Brown's decision to put security before civil liberties was not, however, part of a deal with Blair. It was a delayed response to the bursting on to the political stage of David Cameron. For the first time since 1992, the Labour Party faces a credible electoral threat. Brown recognises that and so, increasingly, do Labour MPs. Last week's votes suggest that the Labour Party has not yet lost the appetite for government.

The Chancellor understands that, Labour having overtaken the Tories for the first time in living memory as the party more trusted by the voters on national security, it would be madness to throw that advantage away. With some skill, he has used "security" as a theme to link his reputation for sound economic management with his patriotic duty to strengthen the nation's defence.
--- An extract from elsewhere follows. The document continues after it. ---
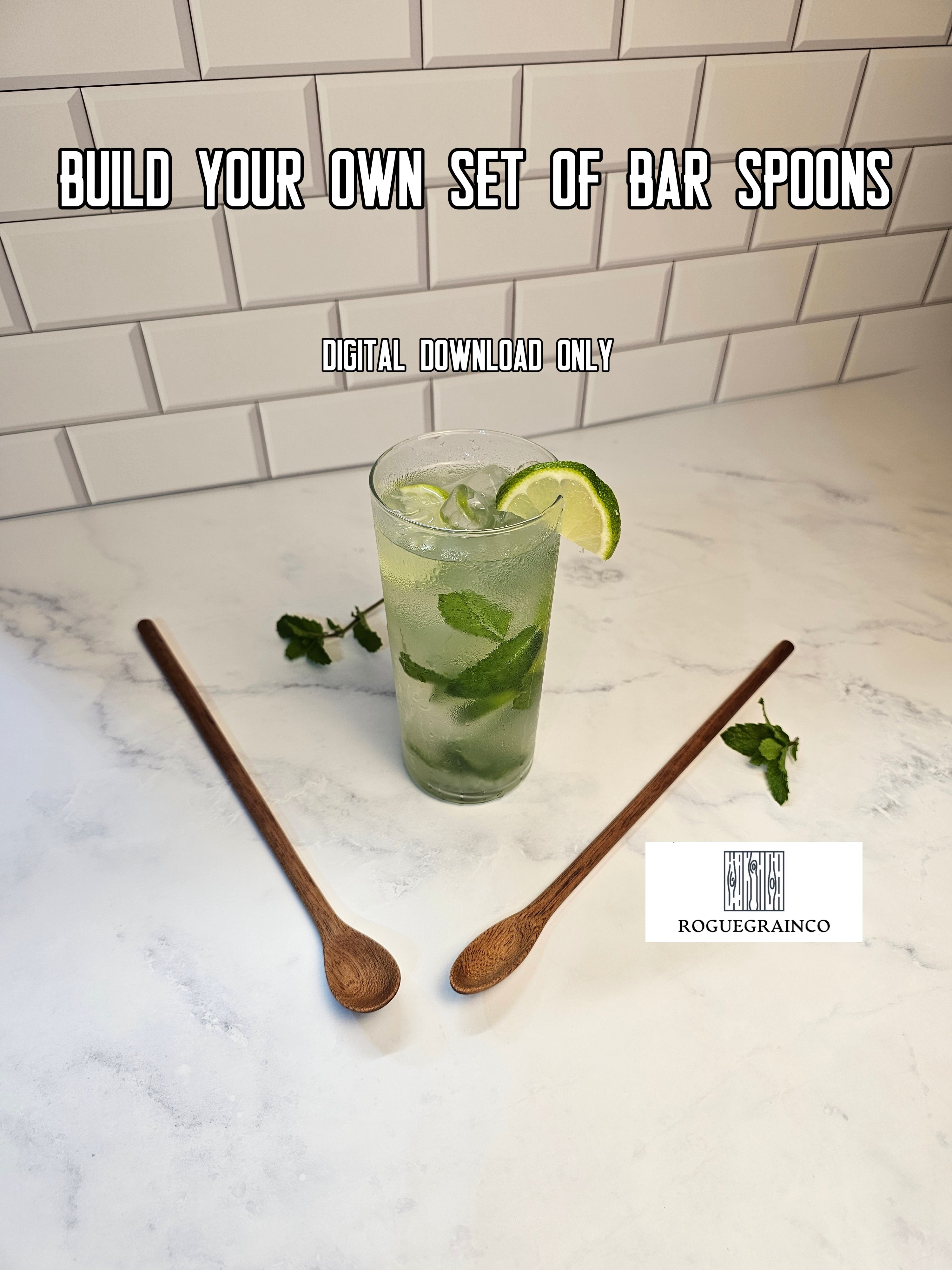 Wooden Bar Spoon Woodworking Templates – Printable PDF Plans (Set of 2) – finished wood project photo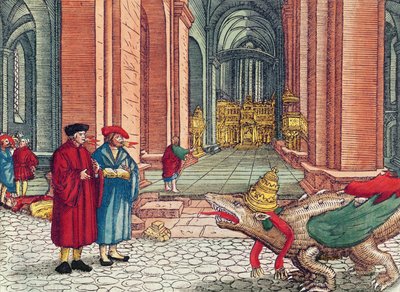 Mluvení jazyky, Letnice, z Lutherovy bible, kolem roku 1530 (barevný dřevoryt) od German School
It helps present him as a reassuring leader, contrasted with Cameron's fluidity.

It is not enough, of course, to guarantee that Brown will win either the Labour leadership or the next general election. But he knows that, too. "I don't think people should take anything for granted," he told the Daily Mail last week. "They shouldn't make any presumptions about party opinion or public opinion."

Some of Brown's supporters are disappointed with him because they think he is being dictated to by Blair. The reality is much worse, for them, and suggests that Brown is a more impressive politician than they thought. He is being dictated to by the need to win not the Labour leadership election but the general election. For that, some in the Labour Party will never forgive him. But for the rest of us, it is a good sign.